Dai, non scoraggiamoci, possiamo consolarci con l’incisione incomparabile di Bocelli diretto da Placido Domingo
guarda che esiste la raccolta differenziata!!!!
Certe cose si “godono” solo gratis su Spotify…
In TV c’era una recita con Aronica, non Alvarez. Comunque, penso che nel I Atto il treno ci potesse stare, poi dal 2^ in poi e’ diventato antiestetico e non funzionale. Anche Cavalletti non ha brillato e non lo ha fatto nemmeno in Rodrigo, oggi che e’ andato in TV il Don Carlo di Firenze, ma fosse stato Cavalletti il problema. Beloselskij ha cantato male (mi rendo conto che il verbo “cantare” e’ una forzatura). Ho pensato che la Sua emissione stonata e vociferante fosse larghissimamente inadeguata, e ho continuato a pensarlo fino al monologo compreso, ma poi e’ apparso l’Inquisitore, Mark Halfvardson per la cronaca, e allora Beloselskij e’ diventato uno splendido e raffinato vocalista. Un Inquisitore che mette i brividi ma non solo per quello che rappresentava, nella realta’. Questo non si risparmia nulls : parla, urla, sputa e …. viene applaudito calorosamente, ma forse non in un altro pianeta e neanche in un altro Sistema Stellare ma in un’altra Galassia le cose funzionano cosi’: qui, il peggiore scontro fra trono e altare cui abbia mai assistito. Ma fortuna che fra qualche anno arrivera’ Domingo e dira’ la Sua, perche’ e’ li’ che arrivera’ Domingo, vero ?
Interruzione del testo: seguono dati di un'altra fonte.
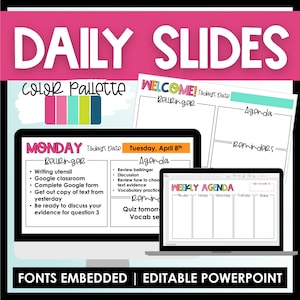 Puede incluir: Un conjunto de diapositivas de PowerPoint editables para uso diario en el aula. Las diapositivas presentan un diseño colorido con una agenda semanal, una agenda diaria y secciones de timbre. Las diapositivas están diseñadas para ayudar a los profesores a organizar sus lecciones y mantener a los alumnos en el camino correcto.
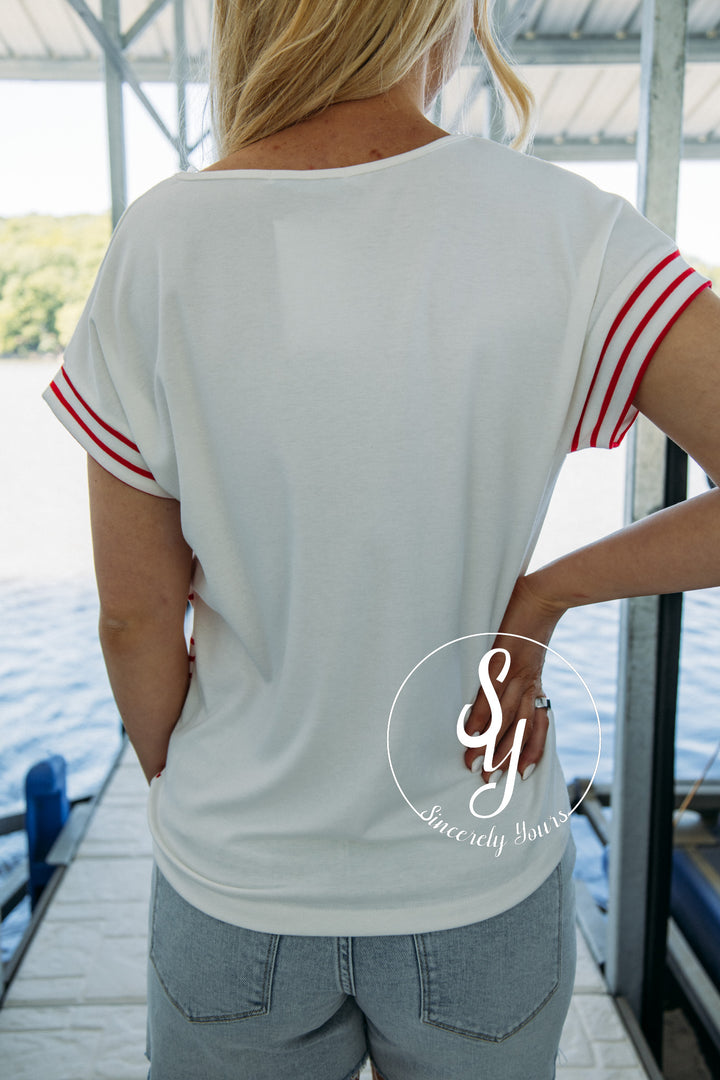 All American Top - Ivory/Red
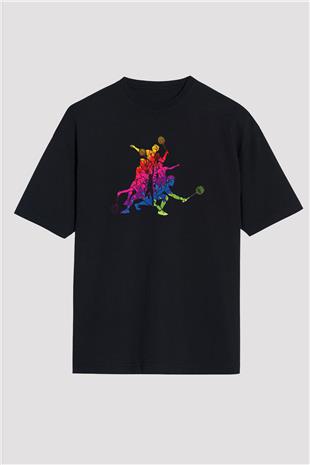 Badminton Baskılı Unisex Siyah Oversize Tişört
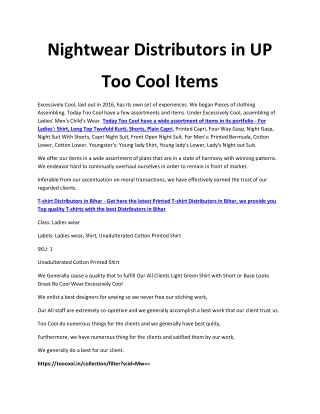 Wholesale Pajamas in UP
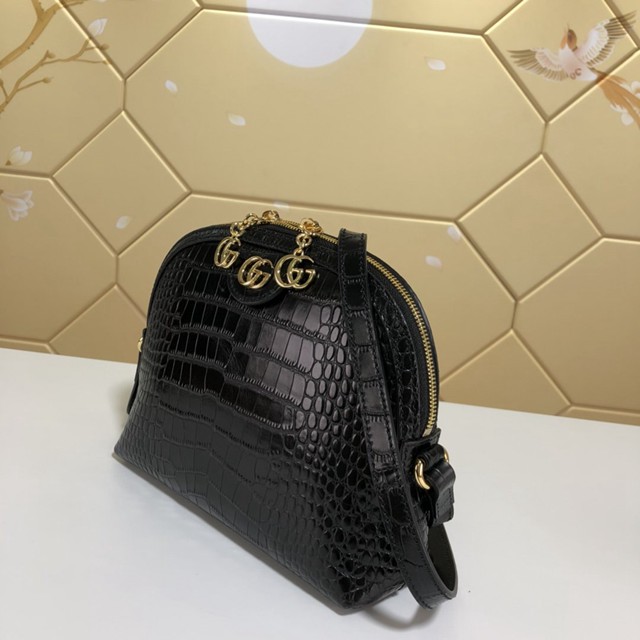 Gucci女包 499621 古馳ophidia鱷魚紋牛皮系列 Gucci黑色貝殼女包  gqy1190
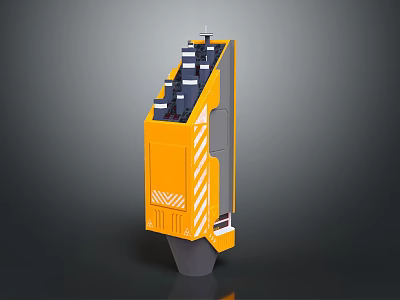 Yellow Industrial Machinery With Vertical Body Black Components Warning Stripes And Gray Base 3d model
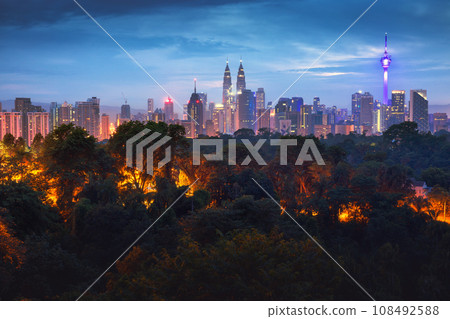 Kuala Lumpur city skyline in sunrise 108492588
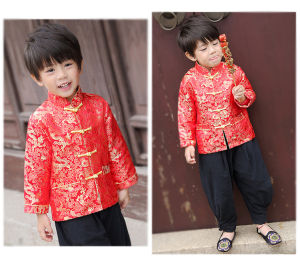 [1-10 Years] daidai (Ready Stock) Boys Dragon Tang Suit Children Kid Chinese New Year CNY Hanfu 男童汉服儿童唐装中国风古装少爷服童装新年衣服
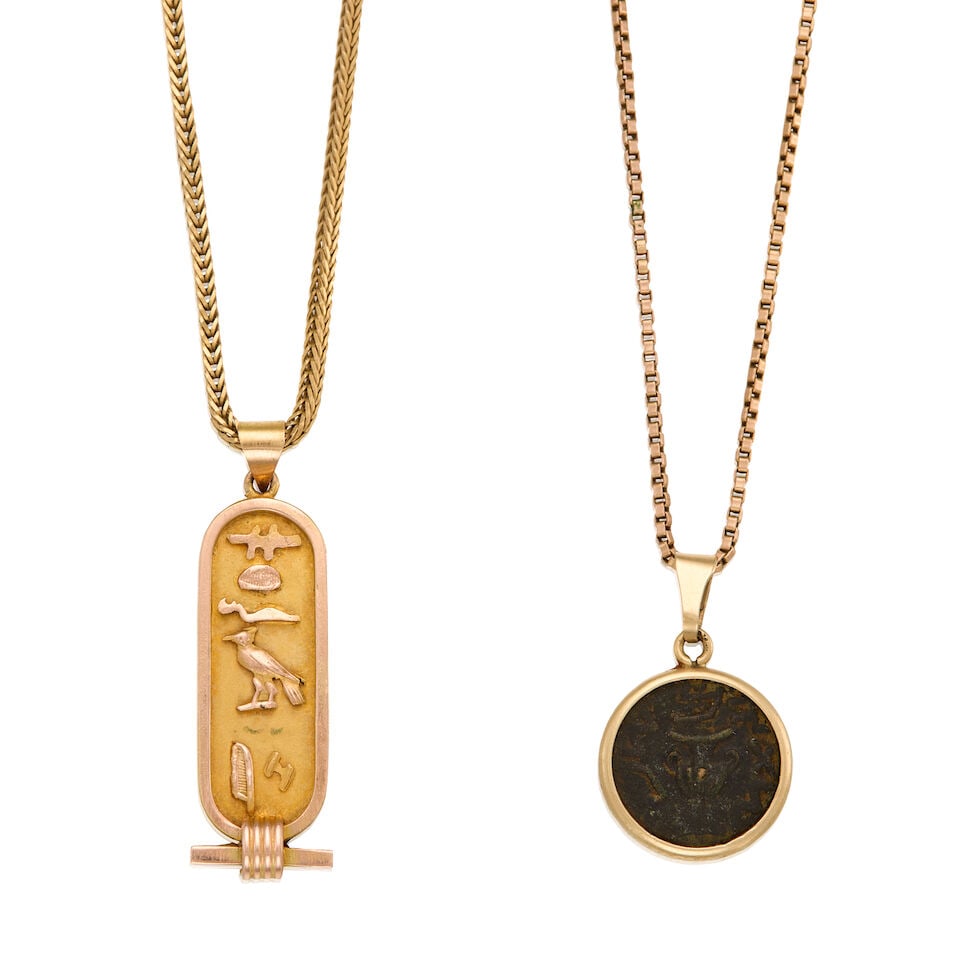 TWO GOLD PENDANT NECKLACES (1 of 2)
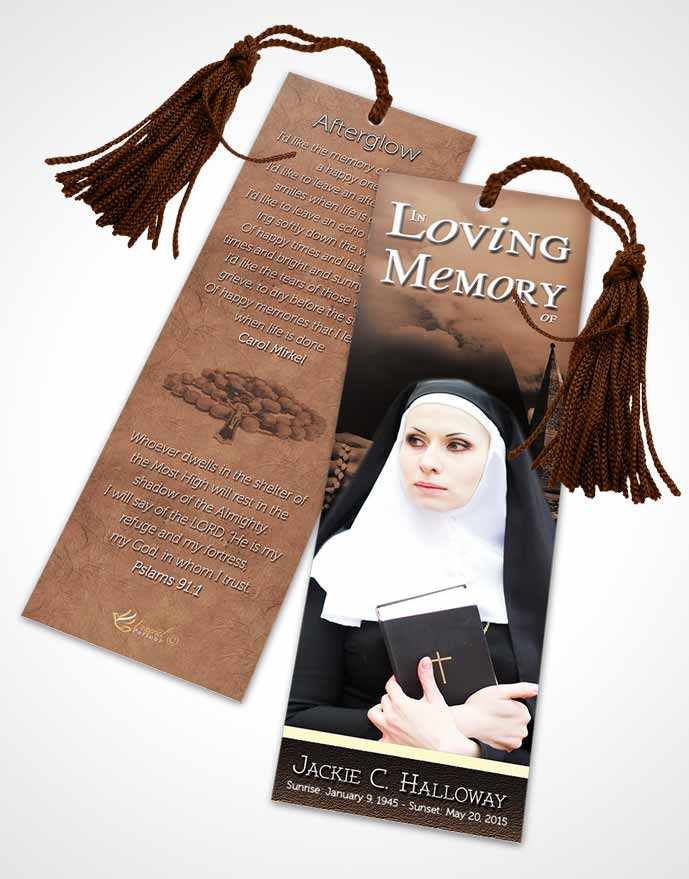 Funeral Bookmark Template Golden Heavenly Nun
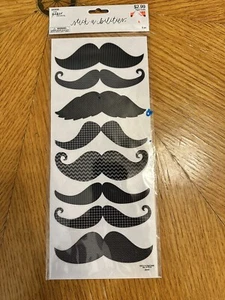 Mustache Stickers Self Adhesive ~ Stickers 8 Stickers Per Package 5” Long - Picture 1 of 2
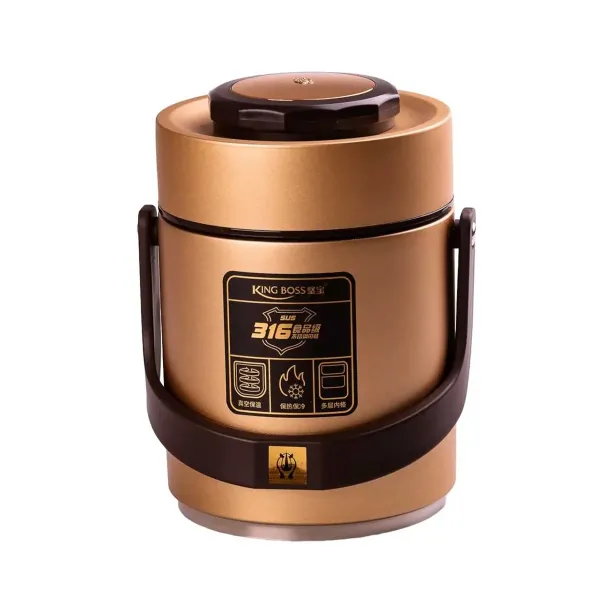 King Boss 1.5L Food Thermos with Two Stainless Steel Containers, Gold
ieri ho visto il terzo ed il quarto atto. Una porcheria e ti dirò che al di là dei cantanti (appena decente la Eboli della Semenchuck) il pèunto più basso era la direzioen d’orchestra lenta, pesante, rumorosa e poi abbiamo per anni sentito demolire i don Carlo di Santini o di Molinari Pradelli……ma per favore erano grandi realizzazioni. Per altro queste produzioni servono a riempire la domenica di un pubblico che farebbe meglio (a partire dal proprio portafoglio) a stare a casa ad ascoltare. Perdonate la crudezza.
Si’, la Eboli poteva andare e anche il Frate, direi. Ma mi hai fatto venire il dubbio e ho ricontrollato su Rai Play: Eboli era la Gubanova, non la Semenchuk.
Mi correggo: Eric e non Mark Halfvardson
DOMANDA FORSE FUORI TEMA : MA DA COSA DIPENDE LA FORTUNA ATTUALE DELLA SIRI ? VOCIONA SENZA COLORI, AL MASSIMO DILIGENTE ESECUTRICE
e sei di manica larga a livello sei politico!!!
Dipende dall’agenzia giusta e dalla sordità da chi la vuole sul palco.
Mi pongo la stessa domanda da tempo.